Here’s the 60 Minutes interview that’s the basis for the movie.
You can’t look at those big tobacco revelations today without noting the glaring parallels with social media: addiction, physiological response, a dopamine triggering system.
As Sarah Wynn-Williams writes near the end of her 2025 book Careless People: A Cautionary Tale of Power, Greed, and Lost Idealism — her insider account of working for Facebook — “Facebook was long aware that its research, models, and programs sought to optimize use engagement at all costs. Facebook employed a series of ‘addictive by design’ features specifically targeted and tailored to exploiting the vulnerabilities of young users, while hiding the risky and harmful nature of such features. Forcing every lever to drive engagement and drive that addiction.”
If big tobacco was in the nicotine delivery business, the screens we carry in our hands are in the dopamine delivery business. But that’s not all. Even the big media companies are in on the game. In The Insider, we also watch CBS cave to the power of big money and big tobacco exactly the same way they’re caving today to the president and his golden coterie of social media oligarchs.

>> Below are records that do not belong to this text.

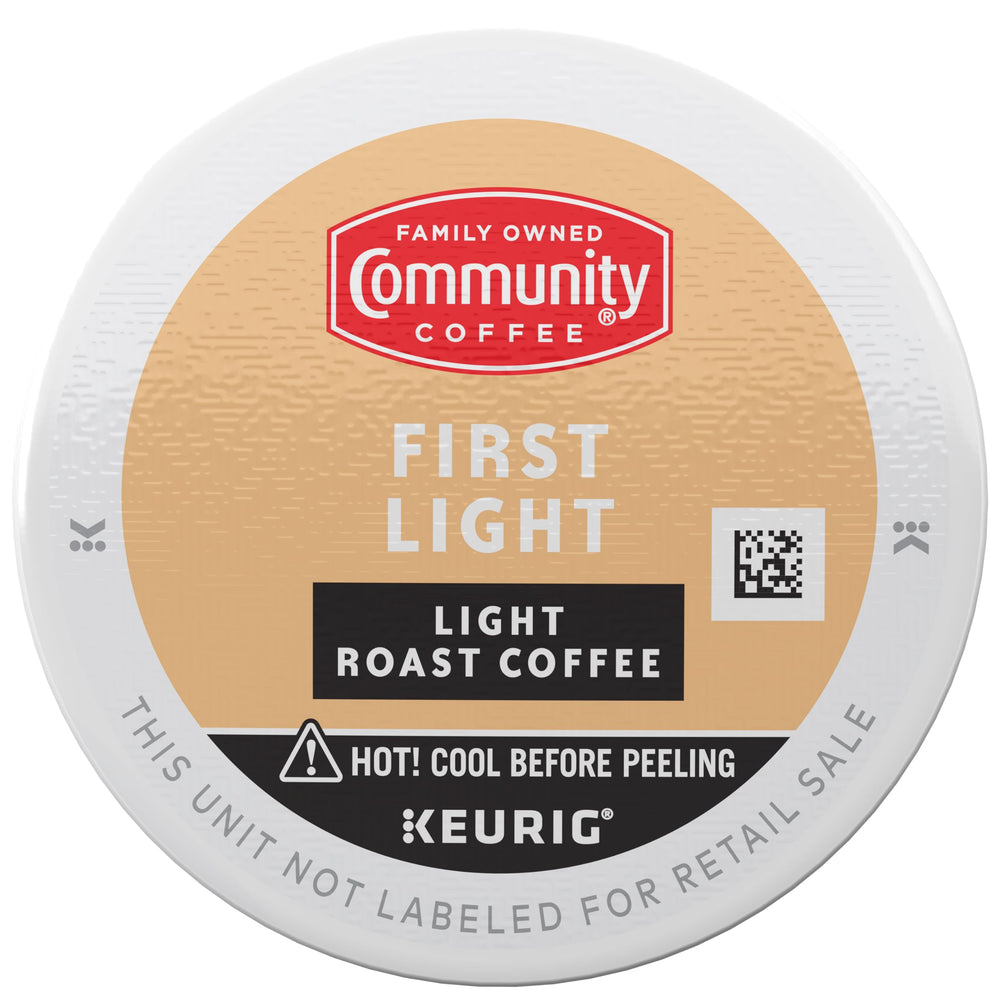 Community Coffee First Light packaging emphasizes convenient single-serve pods for busy days.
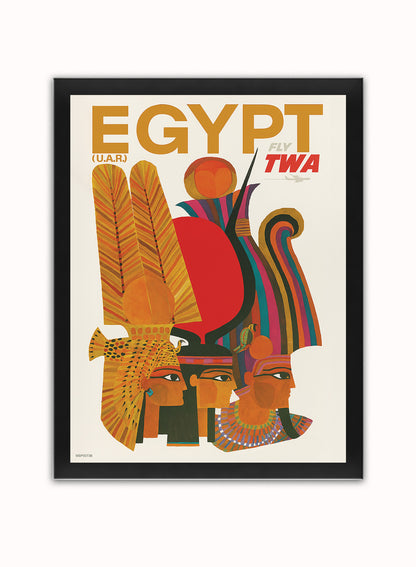 Egypt,Vintage Travel Poster by David Klein Print – David Klein Vintage Poster Wall Art 30x40cm Black Frame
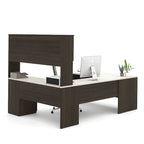 Bureau d'angle en U Ridgeley avec caisson et élément haut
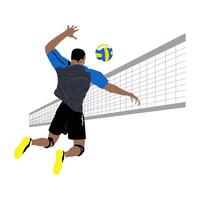 Professional volleyball player attacks over net. Athlete jumps, swings to hit ball. Sportsman in uniform plays team sport game. Dynamic motion. Flat isolated illustration on white background vector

Technology has upped the ante, but the game is the same.
Over the last month or so, I’ve been asking people about social media use. I recognize this is purely anecdotal, but the over-50 set I talked to get most of their news and/or news links from Facebook while younger folks get theirs from Instagram, Reddit, Tiktok. Very few get news directly from news outlets.
No surprises there, but it does increasingly feel like the apps on our phones, from maps to weather to banking to social media to google, are the tools we can no longer live without. I am reminded of the 2017 book Churchill and Orwell. “Orwell saw that people might become slaves of the state,” author Thomas E. Ricks writes, “but he did not foresee that they might also become something else that would horrify him — products of corporations, data resources to be endlessly mined and peddled elsewhere. He would no doubt have been a powerful critic of such things.”

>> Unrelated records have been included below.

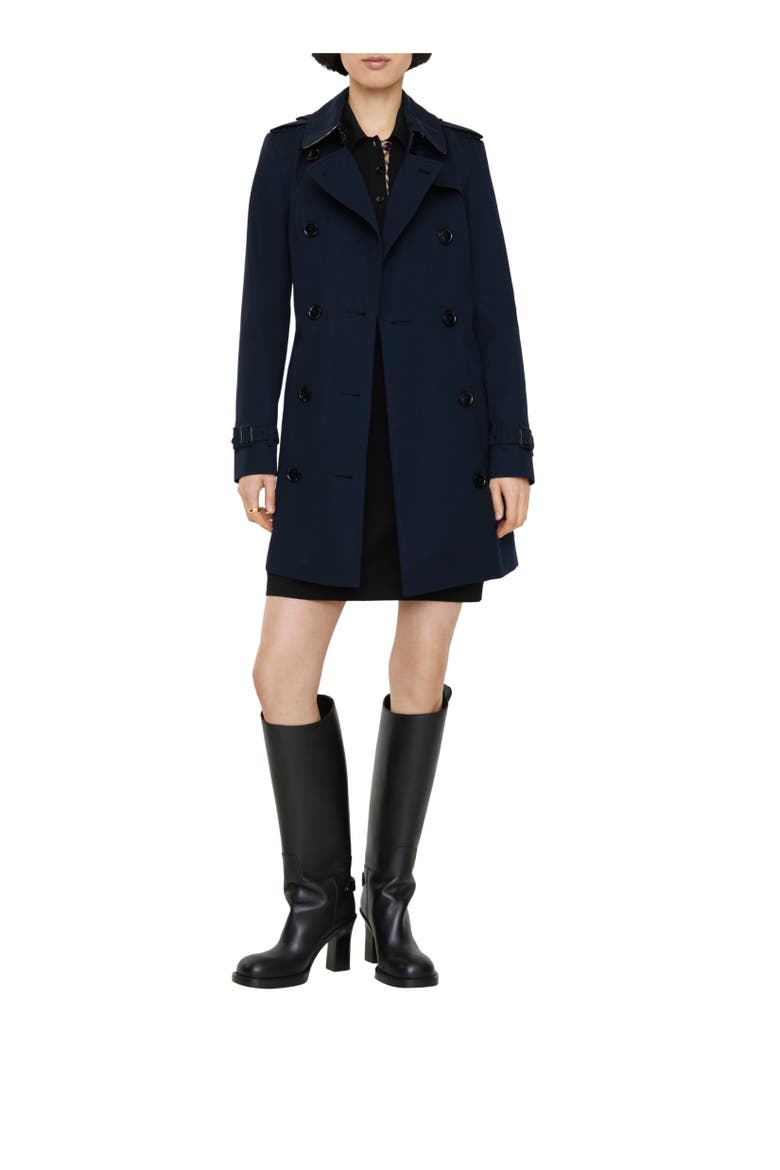Short Chelsea Heritage Trench Coat, Alternate, color, Coal blue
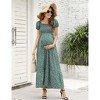 Coolmee Women's Summer Maternity Midi Dress Casual Puff Short Sleeve Square Neck Smocked Tiered Ruffle Sundresses - 3 of 4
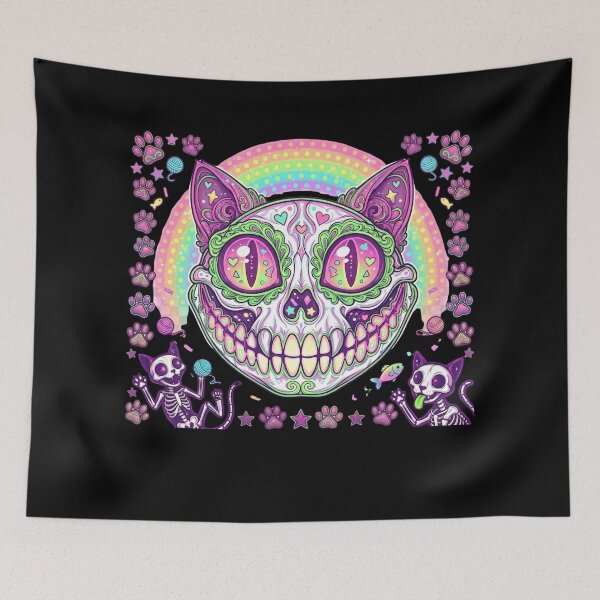 Item preview, Pastel Goth Rainbow Cat Skull - Creepy Kawaii Skeleton designed and sold by Retro Whiskers.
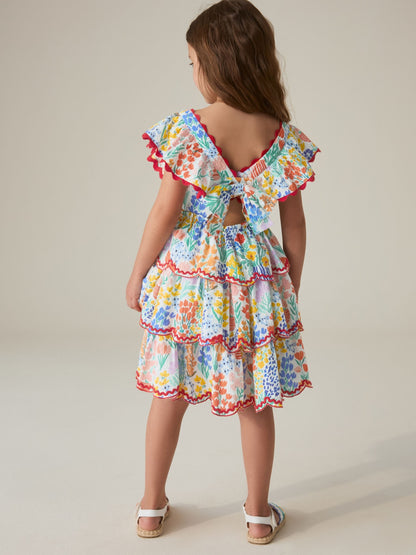 Little Bird by Jools Oliver Rainbow Floral Woven Ric Rac Trim Dress image 2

With social media being free of charge and scrolling effectively endless, we can easily justify not paying for vetted, fact-checked news while considering ourselves duly informed and connected and simultaneously wondering why we feel so uninformed, isolated and anxious.

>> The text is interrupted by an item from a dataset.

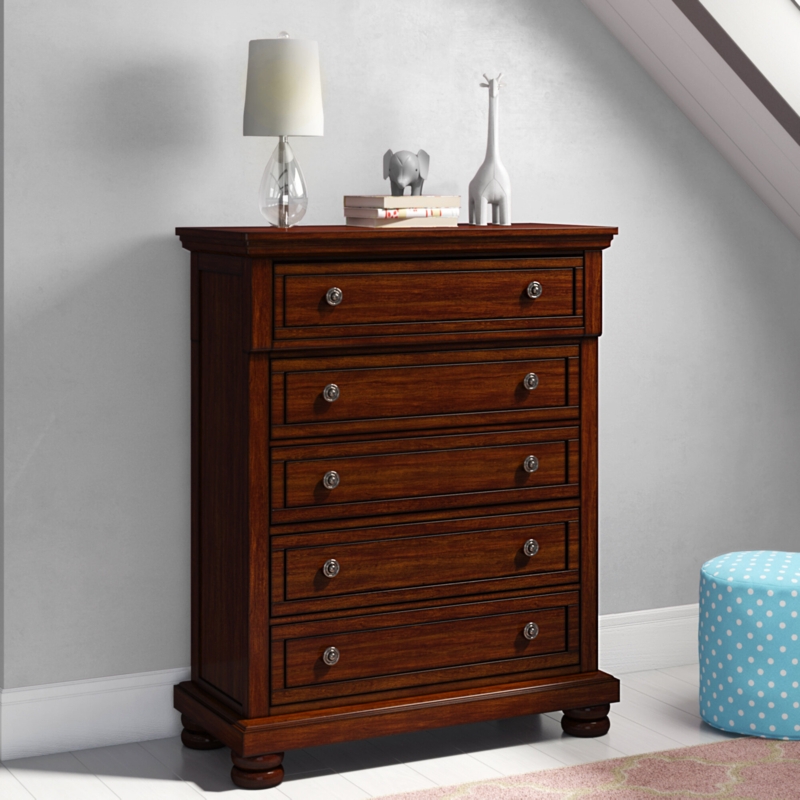 Wooden Chest of Drawers with Stacked Tabletop Design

Meanwhile, no one is taking more advantage of this era than the president (who bleats out lies and hateful rhetoric from his own social media platform all day, every day) and the billionaire tech bros who cuddle up to him at his elite, exclusive Florida country club for personal favors to continue their personal enrichment. If we were characters in Orwell’s 1984, those guys would be the ruling class, the thought police, and those of us on their platforms: the proles.
I don’t want to be a prole, but here I am on the apps, volunteering for duty.
“Liberal democracy requires patience, tolerance, and perspective, but torrents of sensory experiences — it is too much to call it all ‘information’ — assault those virtues, wrote Tom Nichols in Our Own Worst Enemy: The Assault from Within on Modern Democracy. “The constant ability to see into the lives of our neighbors, to compare ourselves to strangers, to be in constant contact with the entire planet day and night, is unnatural and pushes the human mind far beyond its capacity for reason and reflection.”
Like the liars who sold us big tobacco, men like Musk, Bezos and Zuckerberg are sucking the life out of us in a competition to be trillionaires while helping Trump and his allies feed us targeted propaganda in what we call — you can’t make this up — our feeds.
They feed us. And when we scroll, we hungrily watch our screens and gobble up every morsel, from the time we wake up until we go to bed.
Proles.
Like with my dad back in 2017, it feels increasingly like we are sacrificing our real life connections for digital ones, and since no one is forcing us to download an app or hit the like button or share a post, it is easy to convince ourselves that we are simply employing free will, using our voices, communing with “friends” (Facebook did not choose that word by accident), exercising our First Amendment rights to protect democracy.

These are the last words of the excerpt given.